Configuring Bitrix24 On-Premise High Availability
High availability is not about clustering for its own sake. It is the answer to the question: what happens when each component of the system fails, and how quickly will it recover? For Bitrix24 On-Premise, the targets must be defined upfront: SLA 99.9% (8.7 hours of downtime per year) is fundamentally different from SLA 99.99% (52 minutes).
Single Point of Failure Analysis
Before building for high availability, identify all SPOFs in your installation:
| Component | Risk | Solution |
|---|---|---|
| Web server (single) | Complete outage on failure | Active-Active cluster |
| MySQL without replica | Data loss + downtime | Master-Slave + auto-failover |
| NFS (single) | File loss + downtime | GlusterFS or S3 |
| Redis (single) | Session loss (all users logged out) | Redis Sentinel |
| Load balancer | Complete outage | keepalived + VIP |
| DNS | Unreachable by hostname | Two DNS servers or Anycast |
Keepalived + Virtual IP for the Load Balancer
The most critical component — the load balancer itself must not be a SPOF:
# /etc/keepalived/keepalived.conf — MASTER node
vrrp_instance VI_1 {
state MASTER
interface eth0
virtual_router_id 51
priority 100
advert_int 1
authentication {
auth_type PASS
auth_pass your_secret
}
virtual_ipaddress {
192.168.1.100/24 # VIP — this IP is registered in DNS
}
track_script {
chk_nginx
}
}
vrrp_script chk_nginx {
script "killall -0 nginx"
interval 2
weight -20
}
When the MASTER fails, keepalived automatically transfers the VIP to the BACKUP node. Switchover takes 2–3 seconds.
Database Auto-Failover
Manual Master → Slave promotion during an incident means 15–30 minutes of downtime. Automatic failover via Orchestrator or MHA eliminates this:
Orchestrator — the most mature solution for MySQL/MariaDB:
# Install and configure Orchestrator
orchestrator-client -c topology -i db-master:3306
# On master failure, automatically promotes the best replica
After a master change, Bitrix24 must receive the new database address. This is handled by ProxySQL — a proxy in front of MySQL that transparently redirects connections when the topology changes.

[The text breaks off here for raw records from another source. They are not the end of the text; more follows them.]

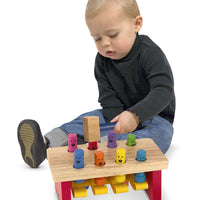 Deluxe Pounding Bench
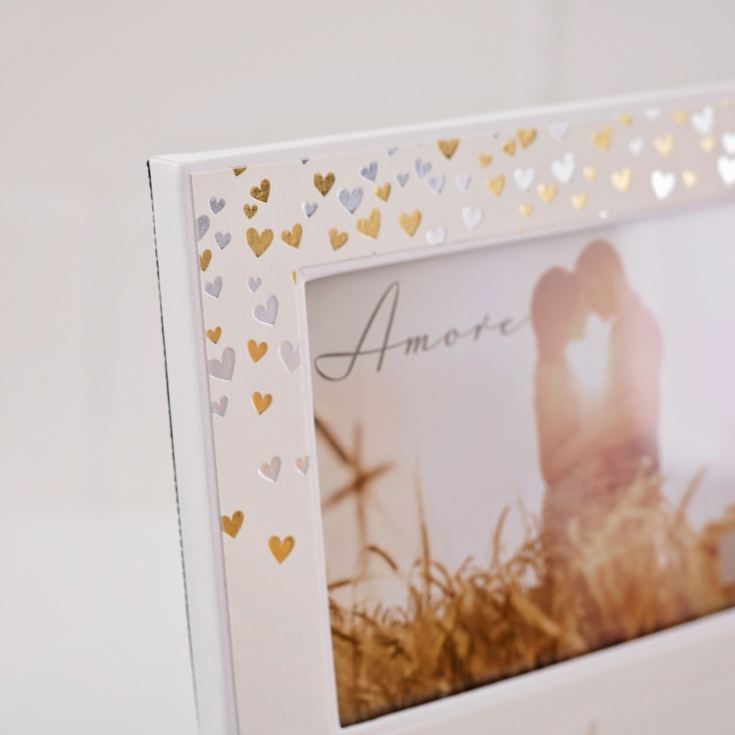 Amore Little Hearts First Anniversary Photo Frame | The Gift Experience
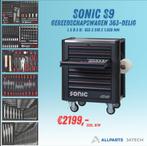 sonic s9  2199.00 ex btw  736377, Auto diversen, Autogereedschap, Ophalen of Verzenden, Nieuw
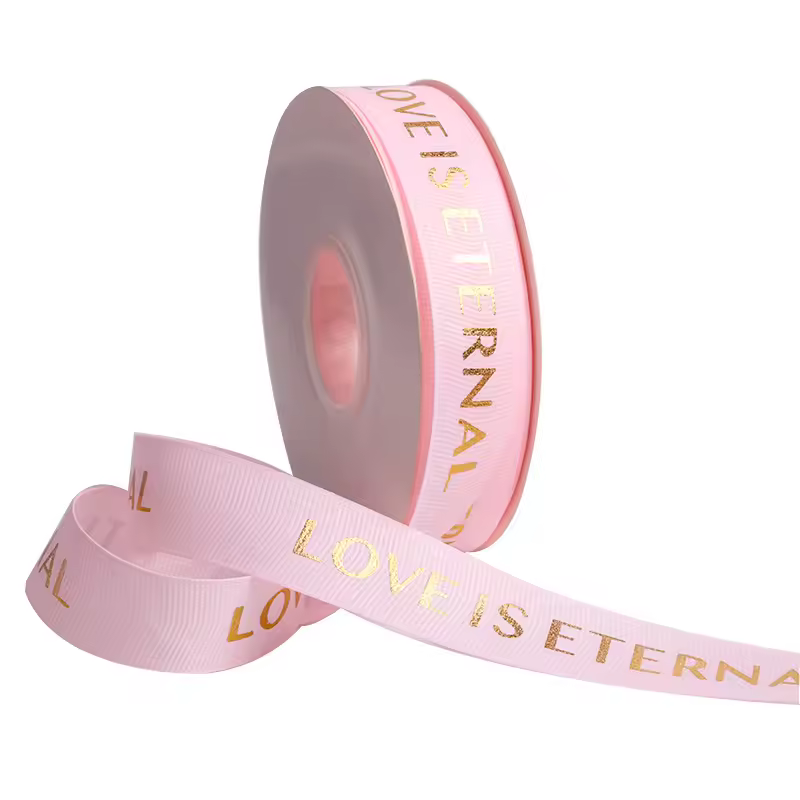 Luxury Satin Grosgrain Ribbon Roll For Personalized Gift Wrapping Birthday Packaging Decorative Flowers-factory Direct Sale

GlusterFS for Fault-Tolerant Storage
NFS is simple and inexpensive, but when it fails the entire cluster loses access to files. GlusterFS is a distributed file system with built-in replication:
# On both storage nodes
gluster volume create bitrix-files replica 2 \
storage1:/data/bitrix storage2:/data/bitrix
gluster volume start bitrix-files
# Mount on web nodes
mount -t glusterfs storage1:/bitrix-files /home/bitrix/www/upload
When one node fails, GlusterFS continues operating on the second. Changes are synchronized automatically upon recovery.
Health Checks and Auto-Recovery
Monitoring without automated responses is only half the job. Configure automatic reactions:
- nginx health_check to remove unhealthy backends from the pool
- systemd auto-restart for nginx, php-fpm, and redis on crash
- Cron-based replication lag check with a Telegram alert when lag > 60 seconds
# Automatic replication check with alert
mysql -u monitor -e "SHOW SLAVE STATUS\G" | grep "Seconds_Behind_Master" | \
awk '{if($2>60) system("curl -s -X POST https://api.telegram.org/bot$TOKEN/sendMessage -d chat_id=$CHAT -d text=REPLICA_LAG_ALERT")}'
RTO/RPO for Various Failure Scenarios
| Scenario | RPO (data loss) | RTO (recovery time) |
|---|---|---|
| Web node failure | 0 | < 5 sec (keepalived) |
| DB master failure | < 5 sec | 1–2 min (Orchestrator) |
| NFS/GlusterFS failure | 0 (replication) | < 30 sec |
| Complete datacenter loss | Per backup RPO (1 hour) | 2–4 hours |
High availability costs money — at minimum a doubling of infrastructure. But the cost of one hour of downtime for a corporate portal used by 200 employees justifies the investment. Always calculate ROI before designing the architecture.